Non è un gesto casuale o improvviso. Mary vive a contatto con le pulsioni che si respirano nelle strade di Londra, frequenta gli ambienti della Pop Art e condivide la giornata con le destinatarie delle sue creazioni. Fedele al suo personaggio anticonformista, si mostra sorpresa dall’interesse che circonda la sua creazione. Proprio in quel periodo rilascia una dichiarazione che sembra un modo di schernirsi, ma in realtà è la vera spiegazione del successo della minigonna: «Non sono io a creare quella che voi chiamate la mia moda. Le vere creatrici sono le ragazze che la indossano, le stesse che vedete per le strade e si inventano ogni giorno una variante diversa». Dice che l’idea le è venuta una sera osservando le ragazze ballare alla taverna del Savoy: «Le ho viste con quelle sottane sotto al ginocchio che facevano una fatica terribile a tenersi in piedi con quel ritmo forsennato». Un taglio e via!

Dalla Gran Bretagna le minigonne si diffondono, poi, in tutto il mondo, diventando il simbolo di una generazione. Sempre più corte, cambiano anche il modo di camminare, di sedersi, di stare con gli altri. Intorno a questo indumento si modificano anche gli altri accessori. Le ragazze le indossano con cinture alte o semplici ritagli di stoffa fascianti per evidenziare la vita e i fianchi. Le scarpe si arricchiscono di zeppe massicce, mentre scompaiono la sottoveste e i reggicalze. Un accessorio medicale, come i collant, ideato per contenere le gambe stanche e doloranti delle nonne, acquista nuovi colori, si fa leggerissimo e diventa una componente fondamentale del guardaroba delle nipotine. Anche gli stivali alti, spesso verniciati in bianco o in nero, diventano uno strumento di provocazione, un modo per far sembrare ancora più lunghe quelle gambe esposte alla vista. La rivoluzione non lascia intatto nessun santuario.

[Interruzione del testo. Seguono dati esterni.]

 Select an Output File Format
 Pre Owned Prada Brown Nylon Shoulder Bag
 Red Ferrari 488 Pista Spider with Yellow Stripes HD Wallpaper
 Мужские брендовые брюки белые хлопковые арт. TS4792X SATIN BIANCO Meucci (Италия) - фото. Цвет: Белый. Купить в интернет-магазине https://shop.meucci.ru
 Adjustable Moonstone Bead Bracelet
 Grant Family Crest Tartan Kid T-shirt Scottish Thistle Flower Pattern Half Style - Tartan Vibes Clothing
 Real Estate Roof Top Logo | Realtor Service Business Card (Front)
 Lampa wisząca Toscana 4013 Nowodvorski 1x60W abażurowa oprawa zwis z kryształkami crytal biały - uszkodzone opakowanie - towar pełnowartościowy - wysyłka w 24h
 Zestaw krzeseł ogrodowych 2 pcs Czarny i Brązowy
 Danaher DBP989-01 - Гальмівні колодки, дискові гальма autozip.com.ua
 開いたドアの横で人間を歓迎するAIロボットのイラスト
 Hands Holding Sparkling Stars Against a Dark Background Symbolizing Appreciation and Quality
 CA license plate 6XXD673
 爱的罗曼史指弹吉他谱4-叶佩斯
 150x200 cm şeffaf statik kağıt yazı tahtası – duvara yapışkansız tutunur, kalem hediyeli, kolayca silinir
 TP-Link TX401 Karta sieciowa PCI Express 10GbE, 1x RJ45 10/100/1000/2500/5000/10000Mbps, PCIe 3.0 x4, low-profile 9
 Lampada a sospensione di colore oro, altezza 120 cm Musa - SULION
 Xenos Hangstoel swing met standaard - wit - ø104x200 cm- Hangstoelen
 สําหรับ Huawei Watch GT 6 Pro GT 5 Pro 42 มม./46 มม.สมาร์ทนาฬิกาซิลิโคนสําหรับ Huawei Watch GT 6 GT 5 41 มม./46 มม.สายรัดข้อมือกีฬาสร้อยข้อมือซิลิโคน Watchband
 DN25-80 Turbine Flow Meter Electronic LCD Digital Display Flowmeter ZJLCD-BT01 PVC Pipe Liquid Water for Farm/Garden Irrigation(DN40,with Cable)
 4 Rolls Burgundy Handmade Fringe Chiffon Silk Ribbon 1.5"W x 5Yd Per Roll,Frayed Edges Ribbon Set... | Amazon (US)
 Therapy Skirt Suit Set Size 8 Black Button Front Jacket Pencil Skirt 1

La biancheria intima si fa pratica e, in molti casi, inutile. Il reggiseno diventa un fastidioso orpello e la sottoveste un reperto storico da lasciare alle madri e alle vecchie zie. Anche le lunghe sedute dal parrucchiere sono fuori moda: i capelli si portano lisci, lunghi sulle spalle oppure corti e a caschetto.

Se Mary Quant è la deus ex machina della liberazione delle gambe femminili dall’impaccio dei centimetri di stoffa, la prima e insuperata testimonial della minigonna si chiama Leslie Hornby ma in tutto il mondo è conosciuta come Twiggy (ramoscello, ma anche grissino), un metro e settanta di altezza per quarantun chili di peso. Il ‘Daily Express‘ la elegge ‘volto dell’anno’. Nessuno la chiama Top Model, perché il termine non è ancora stato inventato, ma a diciassette anni è già un simbolo. Vengono create bambole con le sue fattezze, cosmetici e riviste. È lei il simbolo vivente della rivoluzione che stravolge anche l’idea del corpo: senza seno, fianchi e glutei inesistenti fa impazzire le ragazze che si immedesimano e i ragazzi che si innamorano.